With the audio, i encode the best one with ac3 5.1 at 512kbs. The noise is actually something i was thinking about, i trued back to the future part 1 with my settings, and with a 1 minute clip, it actually got larger, but with nlmeans set to medium is helped quite a bit. I dont like the softening though, so i would probably use a weaker setting for an actual encode. What would be the best options? I would like something i can leave on all the time preferably, that will only work as and when needed, reducing file size without destroying fine detail, and only modified on particularly noisy sources.

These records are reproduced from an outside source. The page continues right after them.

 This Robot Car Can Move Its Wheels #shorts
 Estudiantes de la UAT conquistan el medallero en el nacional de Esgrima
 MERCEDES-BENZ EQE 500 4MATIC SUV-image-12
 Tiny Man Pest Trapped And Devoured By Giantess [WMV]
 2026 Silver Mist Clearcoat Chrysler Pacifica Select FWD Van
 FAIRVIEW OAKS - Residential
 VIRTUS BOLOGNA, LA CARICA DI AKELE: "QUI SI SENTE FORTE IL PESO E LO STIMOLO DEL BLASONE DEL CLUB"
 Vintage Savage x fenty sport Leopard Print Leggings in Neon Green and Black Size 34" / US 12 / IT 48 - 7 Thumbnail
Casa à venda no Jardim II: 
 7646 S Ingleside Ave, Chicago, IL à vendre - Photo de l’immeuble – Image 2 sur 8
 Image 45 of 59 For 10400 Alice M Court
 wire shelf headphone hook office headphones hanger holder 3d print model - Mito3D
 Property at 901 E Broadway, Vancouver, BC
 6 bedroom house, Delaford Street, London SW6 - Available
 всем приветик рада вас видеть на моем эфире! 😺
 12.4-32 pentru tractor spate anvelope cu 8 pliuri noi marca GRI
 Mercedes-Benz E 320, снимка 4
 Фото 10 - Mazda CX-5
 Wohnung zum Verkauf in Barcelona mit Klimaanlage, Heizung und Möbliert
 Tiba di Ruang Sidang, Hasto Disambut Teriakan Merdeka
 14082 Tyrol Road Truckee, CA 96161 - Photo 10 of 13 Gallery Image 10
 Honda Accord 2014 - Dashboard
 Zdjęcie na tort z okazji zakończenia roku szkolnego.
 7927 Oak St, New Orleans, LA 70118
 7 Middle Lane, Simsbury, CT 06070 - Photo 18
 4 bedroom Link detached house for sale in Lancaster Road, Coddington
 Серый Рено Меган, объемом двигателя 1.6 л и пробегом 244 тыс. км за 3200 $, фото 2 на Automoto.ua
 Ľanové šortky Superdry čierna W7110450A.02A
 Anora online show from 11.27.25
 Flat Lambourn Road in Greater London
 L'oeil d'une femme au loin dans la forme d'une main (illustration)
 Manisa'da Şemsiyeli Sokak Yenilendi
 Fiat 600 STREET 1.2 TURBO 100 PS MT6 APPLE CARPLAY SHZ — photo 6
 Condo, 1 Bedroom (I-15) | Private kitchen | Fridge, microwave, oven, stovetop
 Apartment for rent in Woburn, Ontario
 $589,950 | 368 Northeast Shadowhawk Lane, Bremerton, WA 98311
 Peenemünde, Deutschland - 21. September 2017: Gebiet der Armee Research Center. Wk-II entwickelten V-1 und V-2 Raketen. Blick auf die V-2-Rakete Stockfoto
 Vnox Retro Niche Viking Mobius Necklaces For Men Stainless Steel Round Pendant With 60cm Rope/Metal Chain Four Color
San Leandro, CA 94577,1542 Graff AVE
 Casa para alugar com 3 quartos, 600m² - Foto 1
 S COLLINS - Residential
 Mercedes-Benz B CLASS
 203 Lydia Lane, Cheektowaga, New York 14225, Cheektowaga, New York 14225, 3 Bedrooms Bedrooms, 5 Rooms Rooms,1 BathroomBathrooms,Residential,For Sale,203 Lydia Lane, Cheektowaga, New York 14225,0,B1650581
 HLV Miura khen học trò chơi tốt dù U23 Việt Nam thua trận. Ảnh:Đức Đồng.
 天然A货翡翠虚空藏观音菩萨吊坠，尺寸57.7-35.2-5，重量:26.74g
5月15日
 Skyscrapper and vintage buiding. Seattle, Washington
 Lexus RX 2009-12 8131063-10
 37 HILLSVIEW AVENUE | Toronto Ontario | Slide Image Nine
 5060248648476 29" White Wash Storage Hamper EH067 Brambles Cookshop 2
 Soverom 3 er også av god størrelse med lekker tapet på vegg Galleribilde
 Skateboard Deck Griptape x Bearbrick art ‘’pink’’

I read an explanation about the denoising filter (the older one) that said temporal settings like 0:0:3:3 is fine for this.JohnAStebbins wrote: ↑Mon Jun 01, 2020 5:09 pm Does your playback environment support h.265 10bit? If so, do some tests with x265 10bit encoding. It will generally reduce blockiness that often shows up in darker scenes with 8bit encoding.
For the samples that encoded on the larger side, try those samples again with the NLMeans denoise filter. Even subtle film noise can bloat output file size quite a lot.
Be aware of how much space your audio tracks are taking. Modern audio codecs like TrueHD and DTS-HD are very high bitrate. So if you are using audio passthrough, they can be a significant contributor to your file size. E.g. in most of my HD encodes, the audio track was larger than the video track. In one I just inspected, video 1.5GB, audio 4.1GB.